Coopers Brewery regularly releases new beers, and having just returned from our honeymoon, I learnt the latest is now with us, although like its predecessor, the Hazy IPA, it might vanish before spring arrives.

Given this ephemeral commercial habit I popped down the local last night to secure some and stuck them in the garage fridge with an exaggerated sense of expectation and bonhomie despite it being a Saturday.

To be fair both the Hazy and the Australian IPA are described as limited editions, just as the Session Ale was a few summers’ ago, and it sold well so Coopers added it to the permanent roster before changing its handle to the slightly inelegant and vocally challenging Pacific Pale Ale.

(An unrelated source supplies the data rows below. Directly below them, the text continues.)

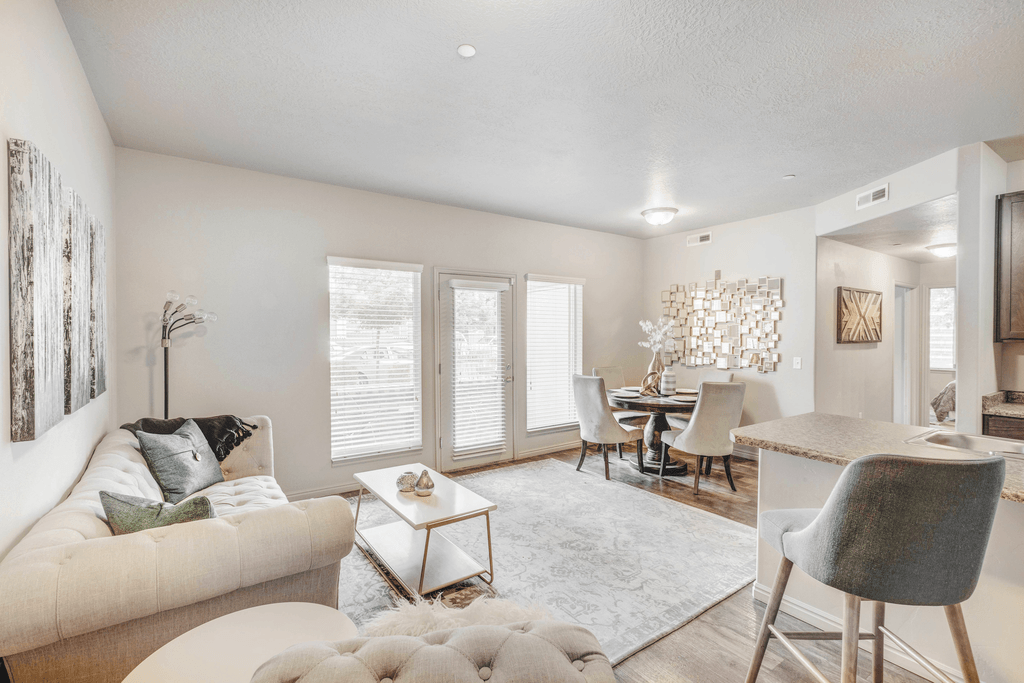 a staged living room and dining room with hardwood-style flooring and windows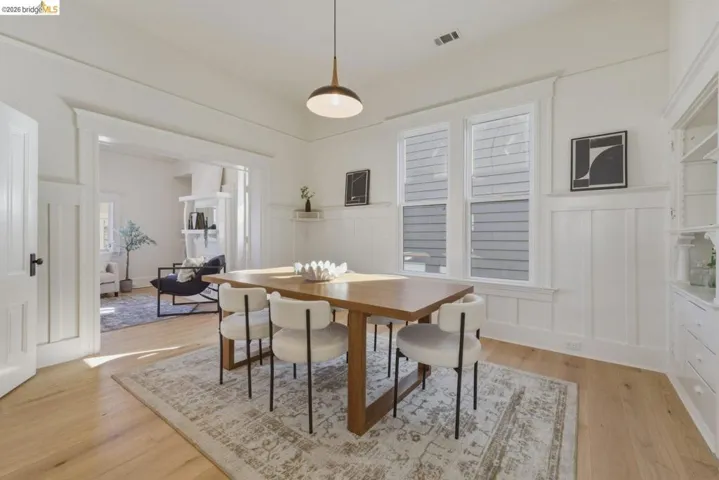Dining area with a decorative wall, light wood finished floors, and a wainscoted wall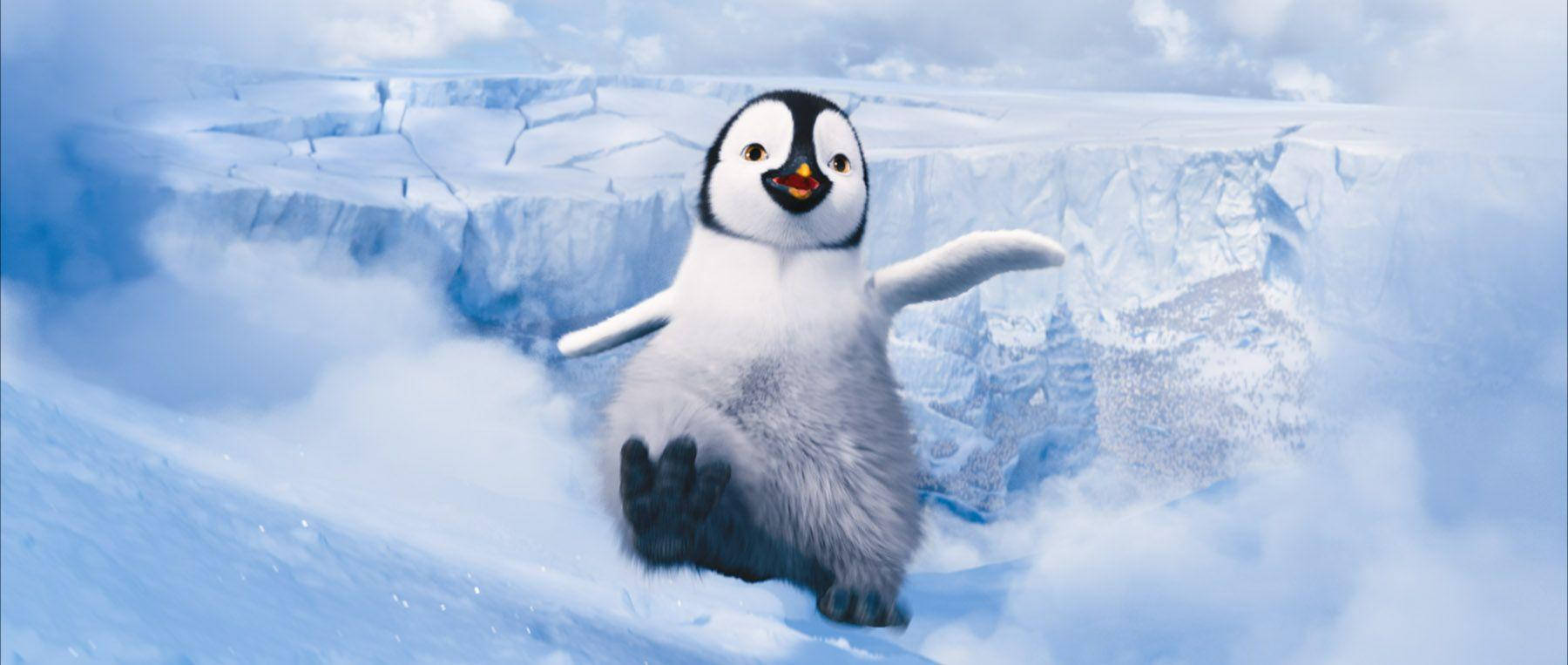 A Penguin Is Running On Top Of A Snowy Mountain Wallpaper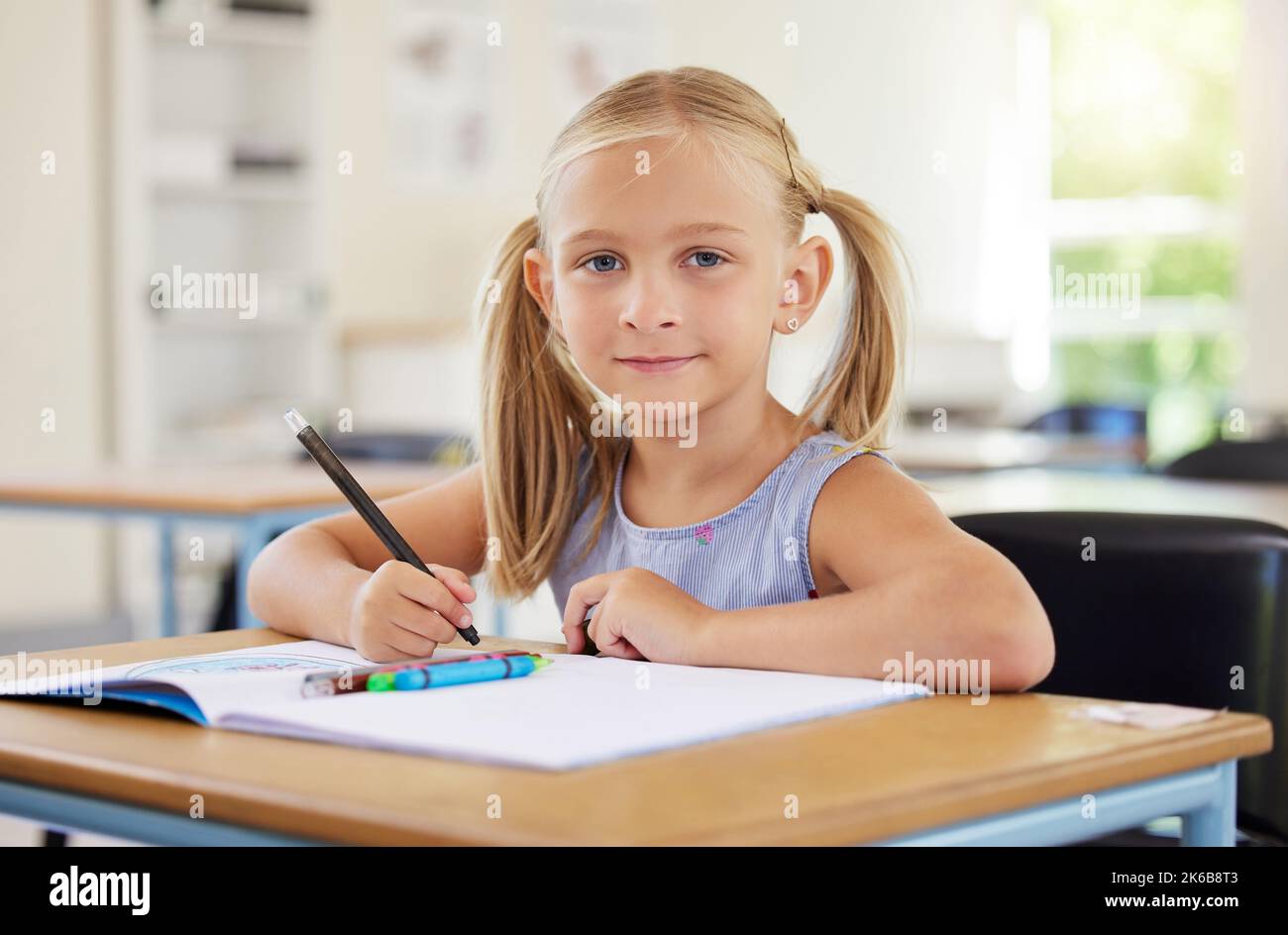 Preschool is an opportunity for growth. a preschooler colouring in class. Stock Photo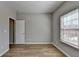 This bedroom has hardwood floors, a large window and a door to the exterior at 68 Hardy Water Dr, Lawrenceville, GA 30045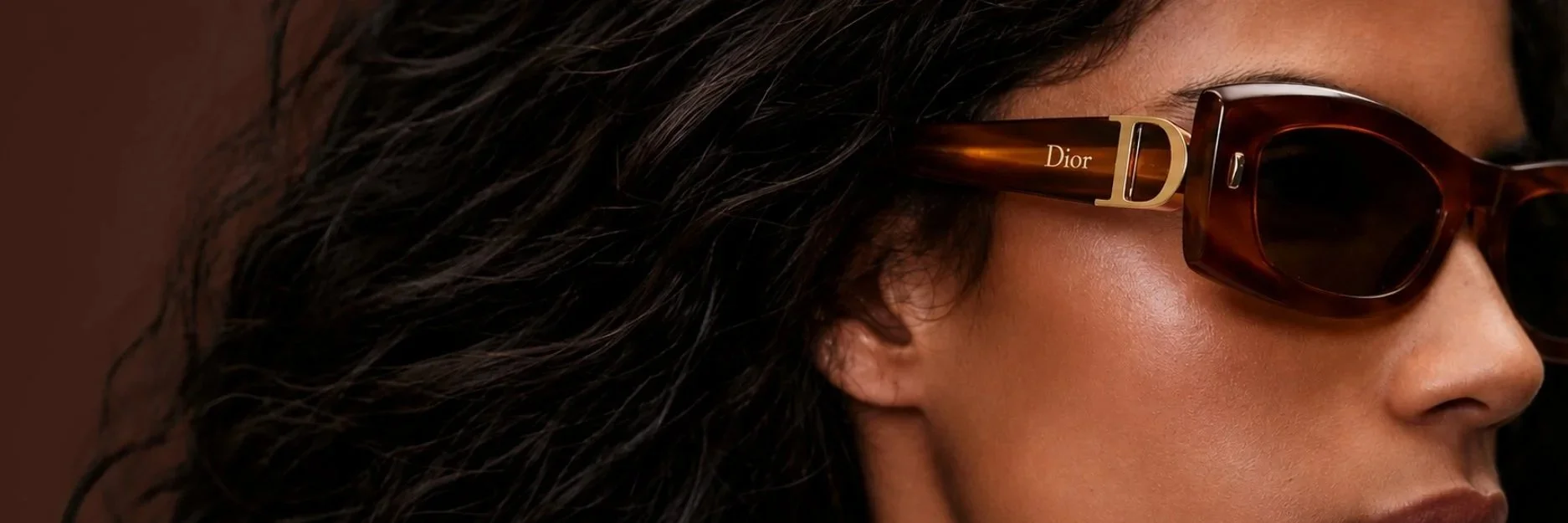 Close-up of a woman wearing brown Dior sunglasses with dark wavy hair.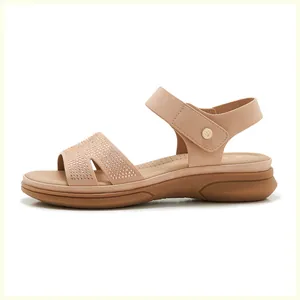 Detail view of rhinestone wedge sandals with velcro strap and metallic buckle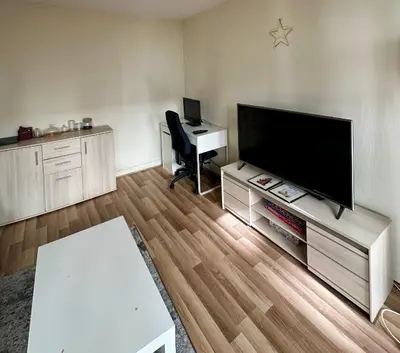 Télévision ou salle de divertissement dans l'établissement Appartement central Paris et confortable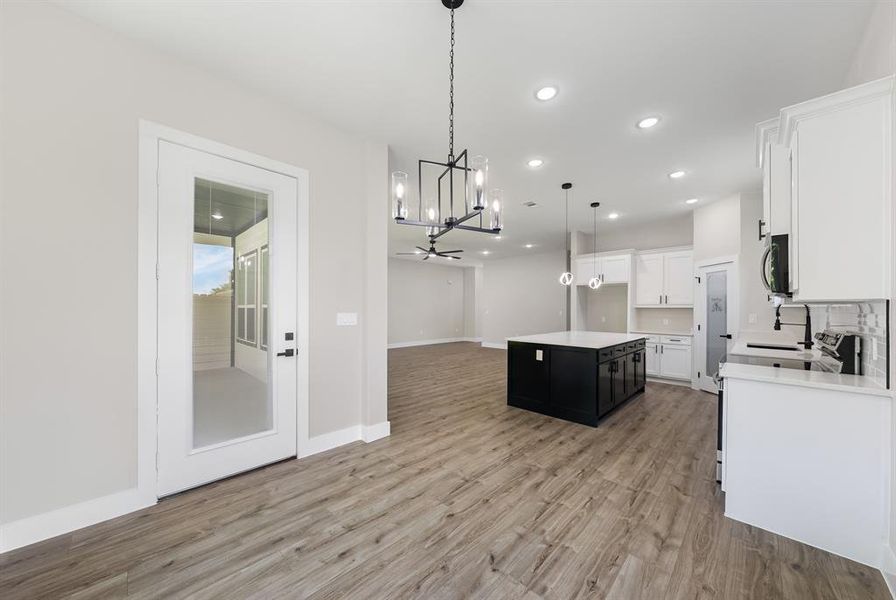 Kitchen with a chandelier, light countertops, white cabinetry, open floor plan, and recessed lighting Kitchen with a chandelier, light countertops, white cabinetry, open floor plan, and recessed lighting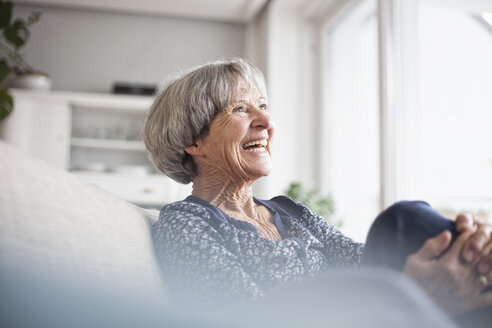 Porträt einer lachenden älteren Frau, die zu Hause auf der Couch sitzt - RBF004107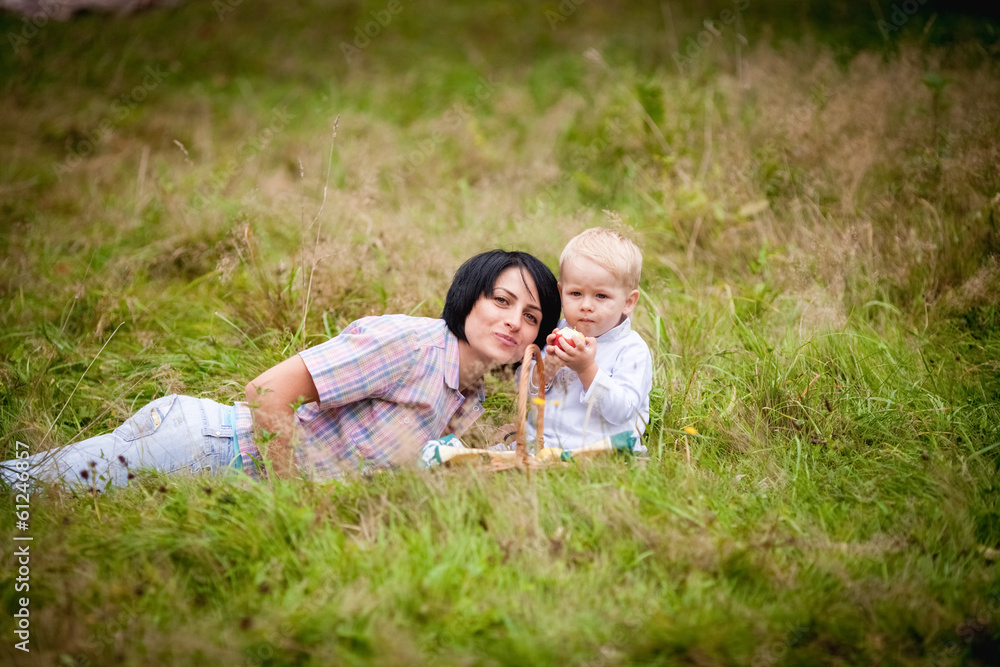 Fototapeta premium Mom and son eating fruit with wicker baskets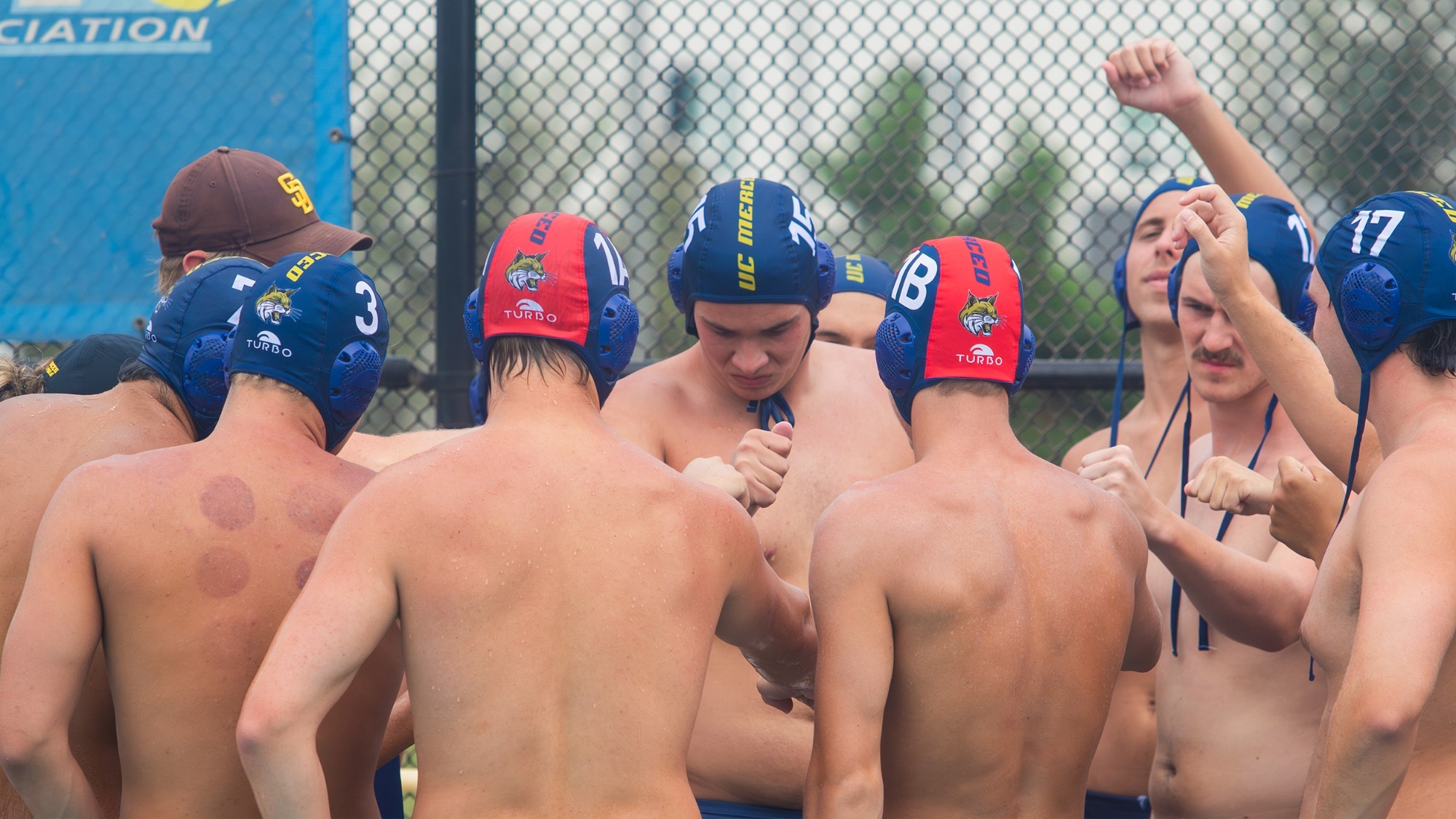 UC Merced men's water polo in a huddle on 10.1.2026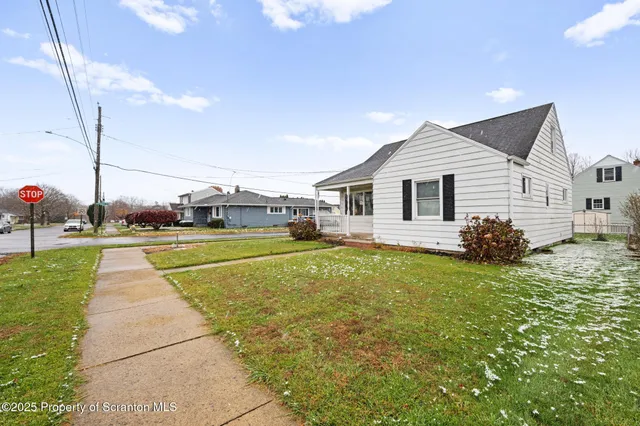 a view of a house with a swimming pool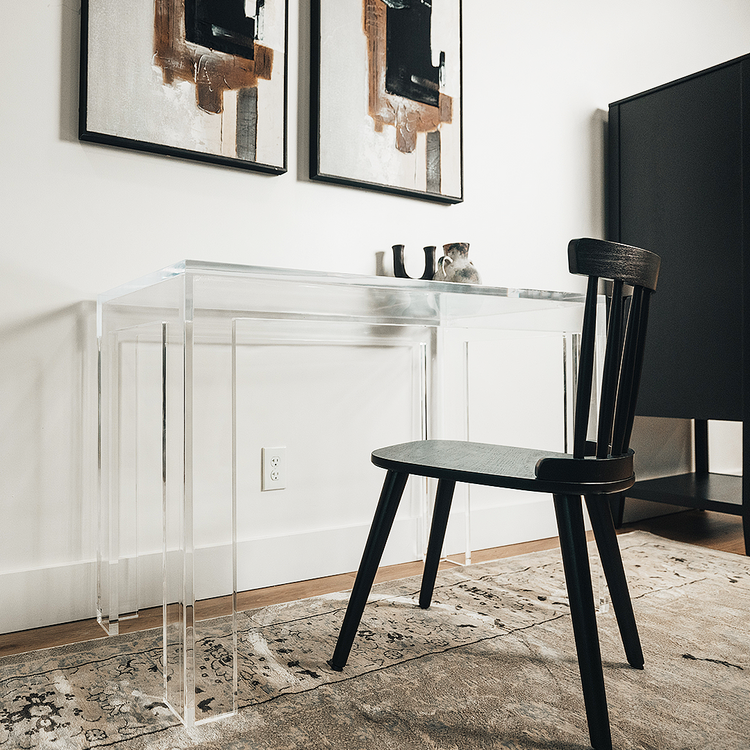 A clear acrylic lucite square leg desk placed against a wall decorated with a vase and candle holder next to a chair. 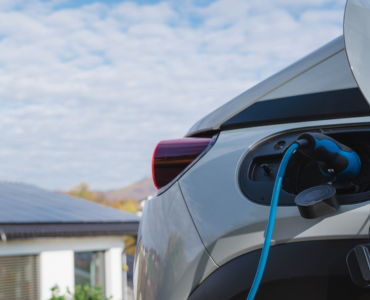 Electric car charging with a blue cable in a residential area.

This is my beer of choice when at the Broady, but I ask for a Session because the extra time taken to say its name in full is drinking/ chatting/ beer garden time wasted. And life is short.

Like all beers from the house of Coopers it looks great in my Southwark mug on the patio despite the ridiculous context of an early afternoon football match featuring the Adelaide Crows during which they kicked fifteen goals straight in just over a half and then couldn’t register a solitary major in the final quarter meaning, of course, they lost to the Evil Empire that is Hawthorn whom I’m informed, don’t even like ale.

The beer is cloudy and a fetching straw hue which speaks of autumnal sun and Vampire Weekend and lighting a Sunday night fire under the verandah. At time of writing I’m confident all of these joys will happen today!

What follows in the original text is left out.